When I started back running, I started from scratch, so was able to implement your program to the letter. I started with three ten minute runs each involving five lots of 30 seconds of ChiRunning followed by 30 seconds recovery jog. I continued to build up slowly from there, each run started with 3 minutes build-up, 3 minutes cool down and ChiRunning in between.
It’s now around 22 months since I read your book and I’ve implemented your method on every run. My watch is set up to buzz after each kilometre. I vary what I think about for each kilometre. I start by thinking about the lean of my body, how I hold my hips, my legs (most action behind my body and keeping the knees low) and my arm swing. For the fifth kilometre, I spend around 15 seconds thinking about each and rotate through until the kilometre is finished.

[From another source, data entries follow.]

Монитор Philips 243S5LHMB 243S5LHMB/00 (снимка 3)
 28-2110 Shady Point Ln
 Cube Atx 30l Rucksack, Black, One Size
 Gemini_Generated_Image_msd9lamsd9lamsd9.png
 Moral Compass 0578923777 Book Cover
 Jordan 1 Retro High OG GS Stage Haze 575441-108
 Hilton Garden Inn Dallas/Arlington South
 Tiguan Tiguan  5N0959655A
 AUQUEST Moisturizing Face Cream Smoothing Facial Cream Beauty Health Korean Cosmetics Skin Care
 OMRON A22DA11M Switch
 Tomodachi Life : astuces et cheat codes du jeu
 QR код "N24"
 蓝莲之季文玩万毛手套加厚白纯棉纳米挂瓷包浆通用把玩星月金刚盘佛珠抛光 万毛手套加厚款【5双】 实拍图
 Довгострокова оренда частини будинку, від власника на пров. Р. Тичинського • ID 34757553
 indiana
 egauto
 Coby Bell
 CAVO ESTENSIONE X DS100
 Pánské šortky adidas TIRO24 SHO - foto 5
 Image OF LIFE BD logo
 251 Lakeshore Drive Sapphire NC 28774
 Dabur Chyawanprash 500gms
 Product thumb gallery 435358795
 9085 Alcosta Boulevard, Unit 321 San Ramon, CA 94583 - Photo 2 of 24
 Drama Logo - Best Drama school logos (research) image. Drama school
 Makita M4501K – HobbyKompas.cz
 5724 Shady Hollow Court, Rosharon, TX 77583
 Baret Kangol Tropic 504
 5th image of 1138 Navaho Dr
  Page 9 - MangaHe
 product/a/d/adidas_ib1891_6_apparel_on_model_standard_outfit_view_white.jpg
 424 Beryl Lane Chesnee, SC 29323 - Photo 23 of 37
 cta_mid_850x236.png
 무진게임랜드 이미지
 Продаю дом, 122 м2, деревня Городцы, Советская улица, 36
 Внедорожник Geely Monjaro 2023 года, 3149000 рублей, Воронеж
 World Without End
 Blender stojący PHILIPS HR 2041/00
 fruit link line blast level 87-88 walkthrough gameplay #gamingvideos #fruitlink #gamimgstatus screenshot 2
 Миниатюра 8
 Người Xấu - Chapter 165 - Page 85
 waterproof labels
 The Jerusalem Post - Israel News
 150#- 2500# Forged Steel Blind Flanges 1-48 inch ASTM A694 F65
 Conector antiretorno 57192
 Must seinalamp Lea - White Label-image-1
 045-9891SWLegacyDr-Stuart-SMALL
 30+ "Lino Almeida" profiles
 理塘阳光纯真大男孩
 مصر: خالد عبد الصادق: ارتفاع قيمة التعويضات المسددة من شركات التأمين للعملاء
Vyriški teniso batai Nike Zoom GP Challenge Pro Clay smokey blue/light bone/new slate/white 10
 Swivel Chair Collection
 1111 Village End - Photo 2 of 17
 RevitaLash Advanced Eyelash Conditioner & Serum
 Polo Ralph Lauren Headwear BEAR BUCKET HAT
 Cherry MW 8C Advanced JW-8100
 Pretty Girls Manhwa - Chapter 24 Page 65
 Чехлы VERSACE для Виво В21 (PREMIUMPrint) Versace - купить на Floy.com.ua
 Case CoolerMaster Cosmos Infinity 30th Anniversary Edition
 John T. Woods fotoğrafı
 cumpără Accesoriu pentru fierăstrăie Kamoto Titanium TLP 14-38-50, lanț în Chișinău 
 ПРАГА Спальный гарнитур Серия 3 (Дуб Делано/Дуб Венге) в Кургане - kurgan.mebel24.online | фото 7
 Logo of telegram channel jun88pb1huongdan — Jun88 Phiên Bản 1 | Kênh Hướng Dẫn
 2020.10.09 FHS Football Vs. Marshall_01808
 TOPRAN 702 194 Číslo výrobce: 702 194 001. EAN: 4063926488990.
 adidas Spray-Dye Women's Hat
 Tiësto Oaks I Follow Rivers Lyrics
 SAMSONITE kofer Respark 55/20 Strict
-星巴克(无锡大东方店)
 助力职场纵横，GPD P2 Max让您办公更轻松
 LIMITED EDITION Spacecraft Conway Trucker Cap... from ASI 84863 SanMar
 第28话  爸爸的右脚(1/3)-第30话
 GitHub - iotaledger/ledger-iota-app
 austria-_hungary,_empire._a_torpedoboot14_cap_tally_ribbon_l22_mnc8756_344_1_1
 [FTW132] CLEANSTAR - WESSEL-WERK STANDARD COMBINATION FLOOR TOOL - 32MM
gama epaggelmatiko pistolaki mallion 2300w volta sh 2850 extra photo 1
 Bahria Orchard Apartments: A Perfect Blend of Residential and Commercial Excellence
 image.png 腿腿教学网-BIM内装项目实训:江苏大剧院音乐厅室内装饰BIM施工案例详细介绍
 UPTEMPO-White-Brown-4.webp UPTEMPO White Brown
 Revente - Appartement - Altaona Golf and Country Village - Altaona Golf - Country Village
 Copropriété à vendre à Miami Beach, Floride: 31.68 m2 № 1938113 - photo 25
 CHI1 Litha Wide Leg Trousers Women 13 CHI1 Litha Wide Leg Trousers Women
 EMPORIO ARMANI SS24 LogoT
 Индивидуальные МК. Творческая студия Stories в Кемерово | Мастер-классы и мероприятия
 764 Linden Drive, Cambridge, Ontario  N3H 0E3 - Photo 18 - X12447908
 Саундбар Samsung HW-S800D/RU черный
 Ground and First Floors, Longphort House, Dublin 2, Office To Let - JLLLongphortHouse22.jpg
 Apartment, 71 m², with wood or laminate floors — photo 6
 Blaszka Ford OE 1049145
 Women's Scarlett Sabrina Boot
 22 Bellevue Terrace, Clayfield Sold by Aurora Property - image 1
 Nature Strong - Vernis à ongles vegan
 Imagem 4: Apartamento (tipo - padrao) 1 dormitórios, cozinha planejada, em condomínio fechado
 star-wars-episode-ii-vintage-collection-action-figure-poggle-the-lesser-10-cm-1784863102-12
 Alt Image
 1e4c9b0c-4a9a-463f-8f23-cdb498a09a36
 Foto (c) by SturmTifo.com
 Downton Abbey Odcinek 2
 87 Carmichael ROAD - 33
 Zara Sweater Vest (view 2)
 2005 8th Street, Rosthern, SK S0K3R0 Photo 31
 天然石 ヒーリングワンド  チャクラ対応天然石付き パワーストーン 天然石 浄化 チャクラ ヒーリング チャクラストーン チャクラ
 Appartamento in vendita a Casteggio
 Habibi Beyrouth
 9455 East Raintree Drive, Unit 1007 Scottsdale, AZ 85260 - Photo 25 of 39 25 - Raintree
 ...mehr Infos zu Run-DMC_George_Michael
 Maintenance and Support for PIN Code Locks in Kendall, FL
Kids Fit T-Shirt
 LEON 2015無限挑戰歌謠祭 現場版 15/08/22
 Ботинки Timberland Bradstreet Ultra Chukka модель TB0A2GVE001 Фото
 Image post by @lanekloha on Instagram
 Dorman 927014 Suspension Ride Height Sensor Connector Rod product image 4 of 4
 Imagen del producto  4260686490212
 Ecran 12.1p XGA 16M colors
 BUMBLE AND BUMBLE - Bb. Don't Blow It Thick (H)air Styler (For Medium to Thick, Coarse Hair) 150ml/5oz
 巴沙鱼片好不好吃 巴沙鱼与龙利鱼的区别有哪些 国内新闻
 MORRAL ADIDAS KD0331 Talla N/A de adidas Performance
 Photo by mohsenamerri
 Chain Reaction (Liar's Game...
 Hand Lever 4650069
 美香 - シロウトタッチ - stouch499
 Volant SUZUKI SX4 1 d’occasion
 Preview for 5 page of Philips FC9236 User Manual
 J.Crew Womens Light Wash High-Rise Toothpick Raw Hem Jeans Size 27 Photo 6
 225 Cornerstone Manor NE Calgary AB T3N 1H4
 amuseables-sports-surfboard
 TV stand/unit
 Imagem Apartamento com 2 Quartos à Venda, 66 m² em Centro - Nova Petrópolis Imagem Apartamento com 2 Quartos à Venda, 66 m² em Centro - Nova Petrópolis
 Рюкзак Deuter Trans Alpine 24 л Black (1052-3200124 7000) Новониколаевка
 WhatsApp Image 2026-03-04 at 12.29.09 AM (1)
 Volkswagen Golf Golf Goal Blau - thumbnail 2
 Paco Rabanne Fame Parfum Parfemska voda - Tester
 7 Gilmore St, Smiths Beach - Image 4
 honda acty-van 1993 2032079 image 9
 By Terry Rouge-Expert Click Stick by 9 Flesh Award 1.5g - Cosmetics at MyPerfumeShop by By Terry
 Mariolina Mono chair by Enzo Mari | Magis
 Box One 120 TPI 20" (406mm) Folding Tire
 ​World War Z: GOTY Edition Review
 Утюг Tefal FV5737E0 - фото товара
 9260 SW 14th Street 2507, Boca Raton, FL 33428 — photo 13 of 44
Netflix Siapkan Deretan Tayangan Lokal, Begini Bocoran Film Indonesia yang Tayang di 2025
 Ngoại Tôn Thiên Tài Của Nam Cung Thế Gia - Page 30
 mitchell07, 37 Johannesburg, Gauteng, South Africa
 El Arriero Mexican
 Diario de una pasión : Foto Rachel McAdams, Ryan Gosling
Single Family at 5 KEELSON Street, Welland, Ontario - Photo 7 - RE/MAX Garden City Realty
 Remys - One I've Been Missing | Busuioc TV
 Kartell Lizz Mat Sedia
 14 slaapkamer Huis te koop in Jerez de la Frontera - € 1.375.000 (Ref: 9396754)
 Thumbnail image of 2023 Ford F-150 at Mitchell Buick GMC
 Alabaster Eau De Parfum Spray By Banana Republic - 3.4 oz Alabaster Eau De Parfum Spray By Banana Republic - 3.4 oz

In twenty months of running I not had so much as a twinge (I shouldn’t tempt fate by writing that). After reading your book I’ve even kicked a 25 year dependency on orthotics.

Two weeks ago, I ran my first ultra. It was only 60k but I applied the method set out above for all 60 kilometres – it got me through it. I rotate each kilometre thinking about the four parts of Chi running that I concentrate on. The lean, hips, legs and arms. For the fifth kilometre I think about all four. I do this by counting 10 alternate strides whist thinking about the lean, then ten alternate strides whilst thinking about the hips etc. When Ive done all four, I repeat the process counting 2 alternate strides of each. This takes about one minute and I repeat the process as many times as necessary to cover the kilometre. What’s significant about this is that these kilometres are invariably my fastest (my watch is set-up to record each kilometre). I’m not running faster by putting in any additional effort but solely by concentrating more intently on my form.

Thanks for your book. I’m completely sold on the advantages of ChiRunning.